March 15 – May 5, 1996

An exhibition by Blake Rayne will be on view at Greene Naftali Gallery beginning March 15th and will continue through May 5th, 1996. This exhibition marks the second presentation of his work in New York; previously his work was shown with Scott Lyall at John Good Gallery in the spring of 1994. The artist lives and works in New York City.


The 1994 exhibition, entitled Sleepyhead, took its name from the rock band, which is made up of the four individuals depicted in the paintings. Making reference to a genre of group portraiture, the paintings employ a color schema and the band members’ physiognomic characteristics to investigate the pictorial and psychological codes that simultaneously unite and distinguish individuals as units in a painted group. The four paintings, each representing a central figure flanked by two incomplete figures, were executed on stretchers of the same proportions but with increasing overall dimensions and were visually and spatially related by a gray horizontal band painted across the four gallery walls. By severing the portrait group and placing the paintings across the gallery's architecture, the pictorial elements are projected out of frame and figure the viewing space. A soundtrack of the gallery doorbell traveled around the walls, occasionally interrupted with a low bass sound designed to resonate in the viewer's body, representing a third coding of the viewing experience, thus further engaging the viewer's visual and tactile/spatial senses.

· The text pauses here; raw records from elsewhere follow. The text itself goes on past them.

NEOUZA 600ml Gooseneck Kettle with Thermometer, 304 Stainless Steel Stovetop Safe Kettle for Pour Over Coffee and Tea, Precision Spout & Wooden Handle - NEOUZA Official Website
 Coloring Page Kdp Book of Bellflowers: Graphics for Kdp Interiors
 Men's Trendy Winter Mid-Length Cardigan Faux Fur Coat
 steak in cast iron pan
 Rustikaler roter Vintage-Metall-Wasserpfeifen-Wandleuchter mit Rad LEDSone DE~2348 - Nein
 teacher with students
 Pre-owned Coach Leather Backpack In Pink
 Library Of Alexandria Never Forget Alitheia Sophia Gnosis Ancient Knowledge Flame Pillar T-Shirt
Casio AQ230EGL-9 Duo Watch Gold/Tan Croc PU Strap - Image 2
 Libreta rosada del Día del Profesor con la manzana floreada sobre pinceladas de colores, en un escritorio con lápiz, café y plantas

Like the Sleepyhead project, the compositional elements of the five paintings in the current exhibition are multiplied across the Greene Naftali gallery space and are figured by a set of objects. The show includes five oil on canvas paintings, a cubic object, a wall painting, the surface marking of the gallery column, and an exhibition catalogue.


The paintings are derived from photographs of people, plants and an architectural model. The model itself is absent from the exhibition, but is represented as an imaginary perspectival space in the paintings and as a photographic model in the catalogue documenting an exhibition of four other artists. The installation draws a relation between the model, the paintings, the gallery's viewing space, and the cubic object to propose a visual and spatial experience that continuously reconfigures these elements and the viewer's relation to them.


It is in the paintings that the layering of this project's many frames is most dense. Compositional elements in the paintings (the people and plants, the model and its walls, floors and doorways) are connected with the set of objects (physical and printed/photographic), shifting a pictorial space onto the literal one of viewing. If depicting the model as an imaginary perspectival space refers to an illusionistic figural painting for which the painted surface must be transparent, then painting its inflated wall holds the image in a necessary relation to the material surface of the picture, sensible in moments of glare and flat opacity.